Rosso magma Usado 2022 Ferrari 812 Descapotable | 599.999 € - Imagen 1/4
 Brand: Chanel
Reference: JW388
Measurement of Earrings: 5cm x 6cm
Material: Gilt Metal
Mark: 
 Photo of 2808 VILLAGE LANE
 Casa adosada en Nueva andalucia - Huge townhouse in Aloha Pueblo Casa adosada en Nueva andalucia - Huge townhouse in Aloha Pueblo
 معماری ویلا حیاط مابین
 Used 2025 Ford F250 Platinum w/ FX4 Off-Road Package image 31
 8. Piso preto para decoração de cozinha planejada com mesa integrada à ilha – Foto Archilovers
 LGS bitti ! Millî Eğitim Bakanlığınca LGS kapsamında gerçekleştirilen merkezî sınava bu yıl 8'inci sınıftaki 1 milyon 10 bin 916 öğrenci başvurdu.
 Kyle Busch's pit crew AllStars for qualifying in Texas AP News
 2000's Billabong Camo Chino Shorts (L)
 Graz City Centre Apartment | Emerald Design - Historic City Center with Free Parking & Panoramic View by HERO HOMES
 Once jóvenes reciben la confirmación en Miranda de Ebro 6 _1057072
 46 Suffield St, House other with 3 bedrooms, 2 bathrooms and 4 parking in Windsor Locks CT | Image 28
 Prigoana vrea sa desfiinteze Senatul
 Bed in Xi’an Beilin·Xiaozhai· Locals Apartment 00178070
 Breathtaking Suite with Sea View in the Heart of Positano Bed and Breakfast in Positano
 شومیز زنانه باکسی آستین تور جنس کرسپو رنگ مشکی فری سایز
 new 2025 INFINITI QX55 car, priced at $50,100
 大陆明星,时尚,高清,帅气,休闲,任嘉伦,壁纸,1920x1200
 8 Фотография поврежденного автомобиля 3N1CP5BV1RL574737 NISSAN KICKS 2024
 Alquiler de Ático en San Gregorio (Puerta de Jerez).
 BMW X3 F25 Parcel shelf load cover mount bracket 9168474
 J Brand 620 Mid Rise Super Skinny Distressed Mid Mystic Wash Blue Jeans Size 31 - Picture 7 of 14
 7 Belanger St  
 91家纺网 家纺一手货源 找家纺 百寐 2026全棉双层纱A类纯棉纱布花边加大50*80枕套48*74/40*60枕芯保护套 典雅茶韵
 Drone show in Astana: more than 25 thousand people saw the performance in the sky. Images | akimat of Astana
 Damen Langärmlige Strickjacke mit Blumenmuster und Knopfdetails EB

Problem requirements
Going line by line, repeat the whole listing exactly.

Answer
Rosso magma Usado 2022 Ferrari 812 Descapotable | 599.999 € - Imagen 1/4
 Brand: Chanel
Reference: JW388
Measurement of Earrings: 5cm x 6cm
Material: Gilt Metal
Mark: 
 Photo of 2808 VILLAGE LANE
 Casa adosada en Nueva andalucia - Huge townhouse in Aloha Pueblo Casa adosada en Nueva andalucia - Huge townhouse in Aloha Pueblo
 معماری ویلا حیاط مابین
 Used 2025 Ford F250 Platinum w/ FX4 Off-Road Package image 31
 8. Piso preto para decoração de cozinha planejada com mesa integrada à ilha – Foto Archilovers
 LGS bitti ! Millî Eğitim Bakanlığınca LGS kapsamında gerçekleştirilen merkezî sınava bu yıl 8'inci sınıftaki 1 milyon 10 bin 916 öğrenci başvurdu.
 Kyle Busch's pit crew AllStars for qualifying in Texas AP News
 2000's Billabong Camo Chino Shorts (L)
 Graz City Centre Apartment | Emerald Design - Historic City Center with Free Parking & Panoramic View by HERO HOMES
 Once jóvenes reciben la confirmación en Miranda de Ebro 6 _1057072
 46 Suffield St, House other with 3 bedrooms, 2 bathrooms and 4 parking in Windsor Locks CT | Image 28
 Prigoana vrea sa desfiinteze Senatul
 Bed in Xi’an Beilin·Xiaozhai· Locals Apartment 00178070
 Breathtaking Suite with Sea View in the Heart of Positano Bed and Breakfast in Positano
 شومیز زنانه باکسی آستین تور جنس کرسپو رنگ مشکی فری سایز
 new 2025 INFINITI QX55 car, priced at $50,100
 大陆明星,时尚,高清,帅气,休闲,任嘉伦,壁纸,1920x1200
 8 Фотография поврежденного автомобиля 3N1CP5BV1RL574737 NISSAN KICKS 2024
 Alquiler de Ático en San Gregorio (Puerta de Jerez).
 BMW X3 F25 Parcel shelf load cover mount bracket 9168474
 J Brand 620 Mid Rise Super Skinny Distressed Mid Mystic Wash Blue Jeans Size 31 - Picture 7 of 14
 7 Belanger St  
 91家纺网 家纺一手货源 找家纺 百寐 2026全棉双层纱A类纯棉纱布花边加大50*80枕套48*74/40*60枕芯保护套 典雅茶韵
 Drone show in Astana: more than 25 thousand people saw the performance in the sky. Images | akimat of Astana
 Damen Langärmlige Strickjacke mit Blumenmuster und Knopfdetails EB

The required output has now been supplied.